This week on the Short Attention Span Show is Pacific Rim: Uprising, the continuation of the Guillermo del Toro-directed Pacific Rim from 2013. This time, however, del Toro is only on hand as one of the many producers, and the directing chores go to television director Steven S. DeKnight.
Again, it's human-piloted giant robots, known as Jaegers, battling even bigger Kaiju – giant monsters from another dimension. This sequel is just more of the same. In fact, it is much, much more of the same. Actually, it's way too much of the same. It's one theater shaking action scene after another. This seemingly unending digital mayhem of robots and monsters fighting while shattering glass skyscrapers and busting up asphalt quickly becomes numbing.

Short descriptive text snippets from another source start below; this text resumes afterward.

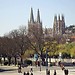 Pues en Burgos no hace tan malo...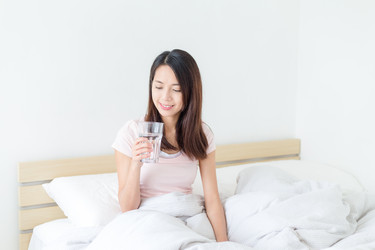 Similar image 11775029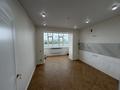 2-комнатная квартира · 73.5 м² · 1/5 этаж, Алаш 16 — Достык за 31.5 млн ₸ в Уральске — фото 6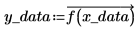 Click to copy this expression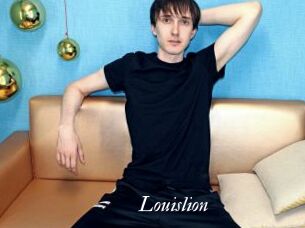 Louislion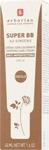 Erborian 910466, Erborian Super BB Chocolat 40 ml Medium female, Grundpreis: &euro;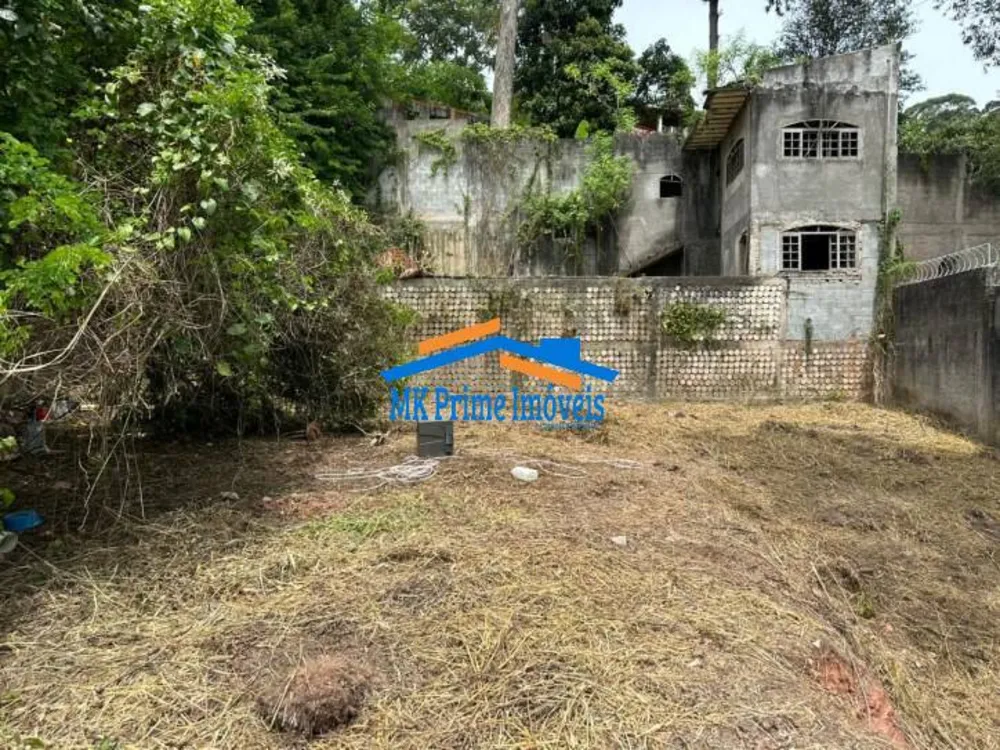 Terreno, 1000 m² - Foto 4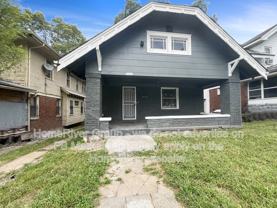 5127 Olive St - Photo 1 of 1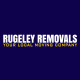 Rugeley Removals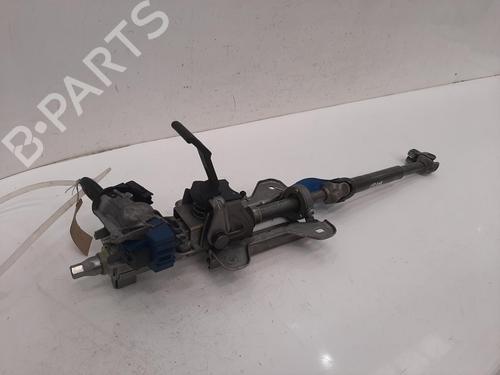 Steering column FORD FIESTA V (JH_, JD_) 1.6 16V | BP27225491M21 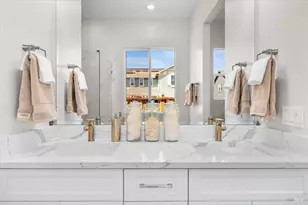 7301 Willowglen Dr, Rohnert Park, CA 94928 - Photo 23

The barely-there story involves Jaeger academy dropout, Jake Pentecost (John Boyega), and scrappy teen inventor, Amara (Cailee Spaeny), and their ultimate redemption. The malnourished plot, about rogue Jaegers, had promise, but here it serves to string together one gargantuan action sequence after another and nothing more.
This wind-up toy of a movie generally works like this: Quick superficial character moment, then loud action scene, then brief exposition, then loud action scene...and so on. The plot elements are so slap-dash that a big, shocking revelation at the midway point registers as unbelievable and so silly that you really don't think that they are serious.
There is nothing at the center of Uprising. Its sole purpose for existing is as background noise.